● PROBLEM STATEMENT: Below are some records. Write out exactly their lines from the one with "Recherche de marguerites" through the one with "Reflective Adjustable Harness", and leave the pictures behind.

● GIVEN INFORMATION:

::::

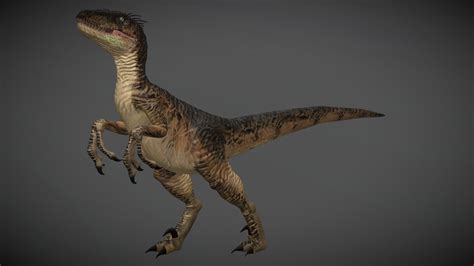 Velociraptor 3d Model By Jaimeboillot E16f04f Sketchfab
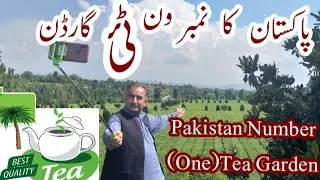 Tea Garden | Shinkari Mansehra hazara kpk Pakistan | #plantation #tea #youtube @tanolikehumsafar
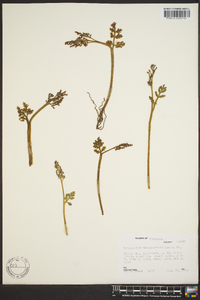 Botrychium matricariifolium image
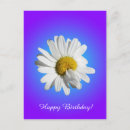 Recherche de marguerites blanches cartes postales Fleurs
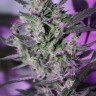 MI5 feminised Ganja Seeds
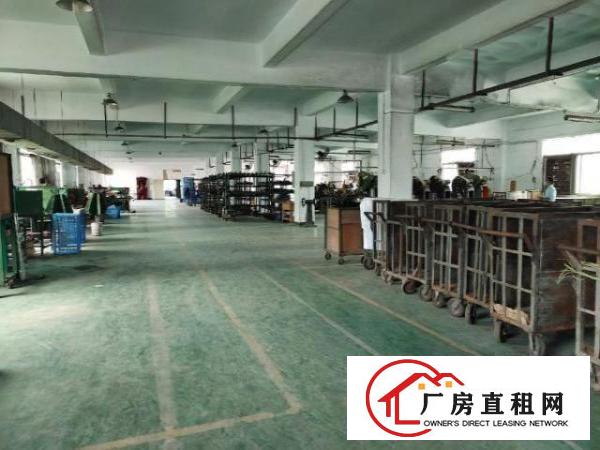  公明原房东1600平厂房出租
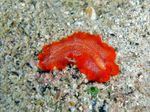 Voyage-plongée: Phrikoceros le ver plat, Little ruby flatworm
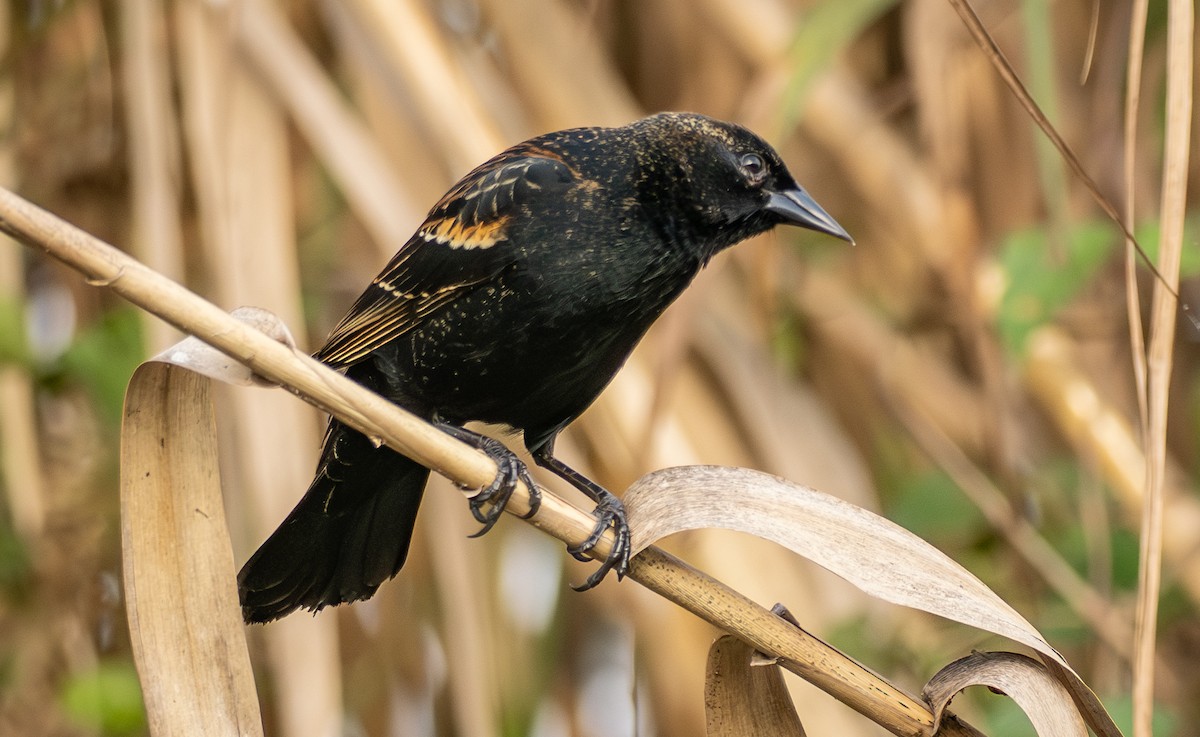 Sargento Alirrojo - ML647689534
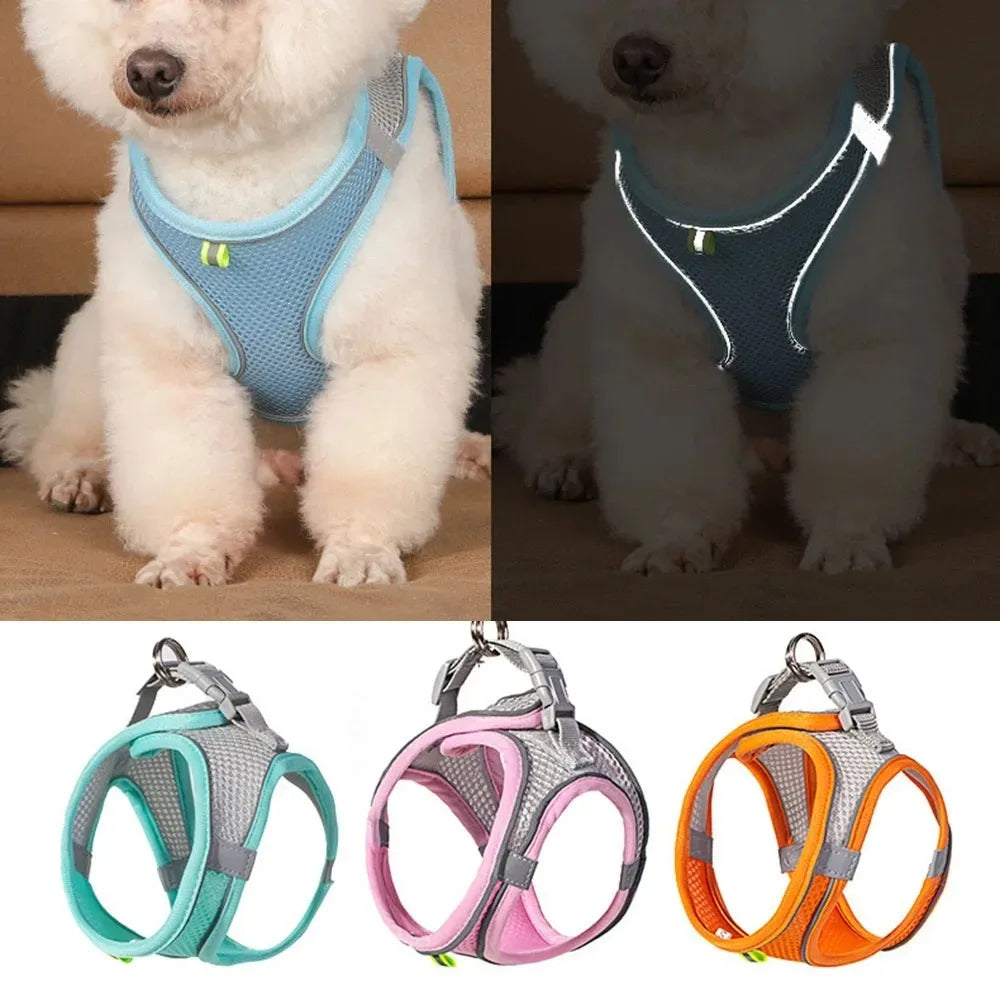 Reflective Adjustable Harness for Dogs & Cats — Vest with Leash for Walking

::::

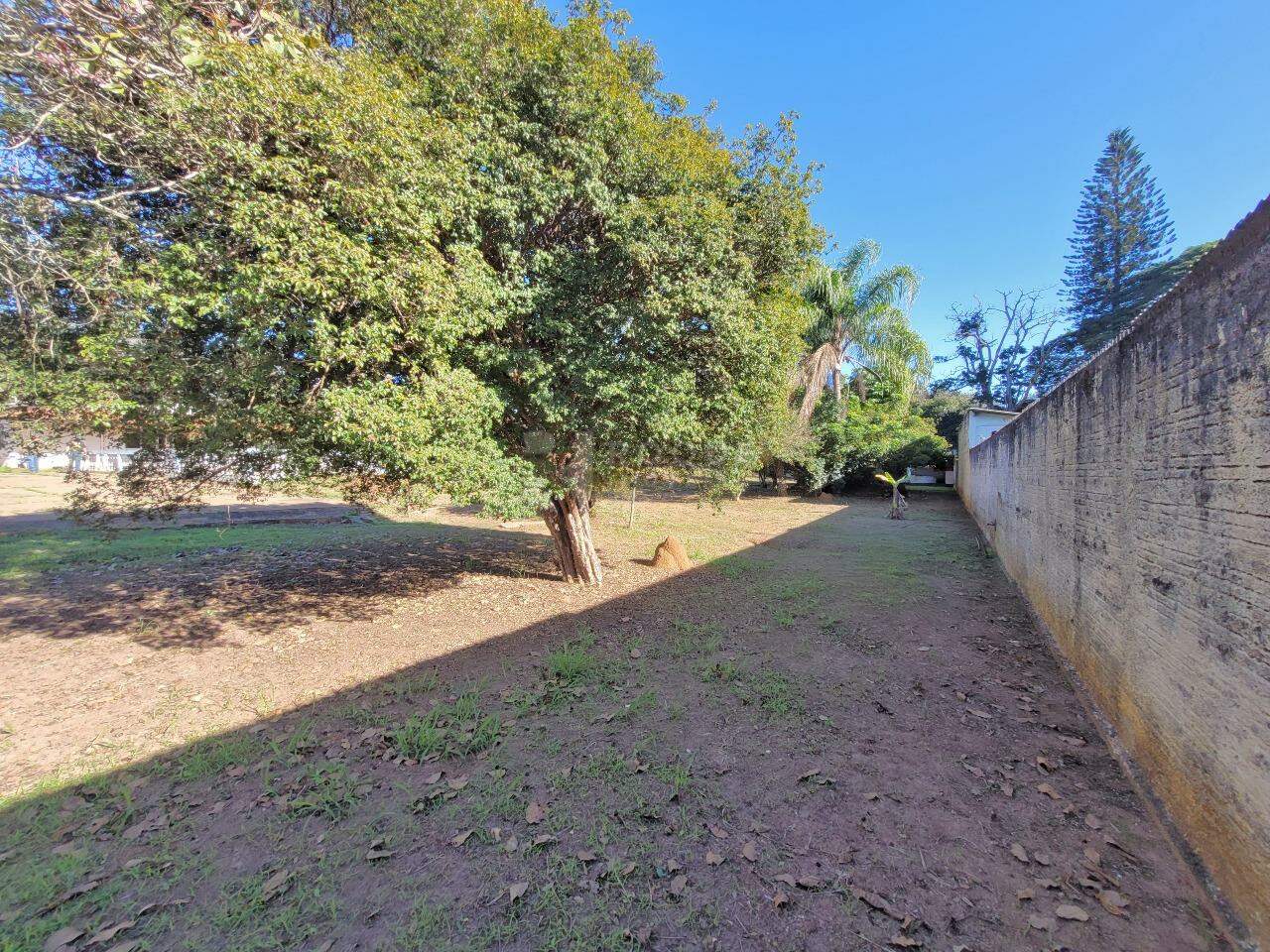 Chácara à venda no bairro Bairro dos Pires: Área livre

::::

● EXERCISE RESULT:
 Recherche de marguerites blanches cartes postales Fleurs
 MI5 feminised Ganja Seeds
  公明原房东1600平厂房出租
 Voyage-plongée: Phrikoceros le ver plat, Little ruby flatworm
 Sargento Alirrojo - ML647689534
 Reflective Adjustable Harness for Dogs & Cats — Vest with Leash for Walking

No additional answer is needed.